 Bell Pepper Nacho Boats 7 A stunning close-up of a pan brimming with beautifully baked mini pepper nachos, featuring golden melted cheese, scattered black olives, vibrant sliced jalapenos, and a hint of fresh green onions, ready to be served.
☆ ☆ ☆
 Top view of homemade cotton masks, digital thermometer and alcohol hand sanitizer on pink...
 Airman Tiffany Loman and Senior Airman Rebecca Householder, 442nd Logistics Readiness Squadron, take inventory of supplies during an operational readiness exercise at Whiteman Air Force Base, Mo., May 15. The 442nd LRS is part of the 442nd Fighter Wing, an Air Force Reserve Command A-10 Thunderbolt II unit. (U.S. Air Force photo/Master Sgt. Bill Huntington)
☆ ☆ ☆
**What the exercise asks:** In the entries above, one line contains "Top view of" and another contains "Airman Tiffany Loman". Reproduce exactly those two lines and the lines between them, nothing else.

**Task output:**
 Top view of homemade cotton masks, digital thermometer and alcohol hand sanitizer on pink...
 Airman Tiffany Loman and Senior Airman Rebecca Householder, 442nd Logistics Readiness Squadron, take inventory of supplies during an operational readiness exercise at Whiteman Air Force Base, Mo., May 15. The 442nd LRS is part of the 442nd Fighter Wing, an Air Force Reserve Command A-10 Thunderbolt II unit. (U.S. Air Force photo/Master Sgt. Bill Huntington)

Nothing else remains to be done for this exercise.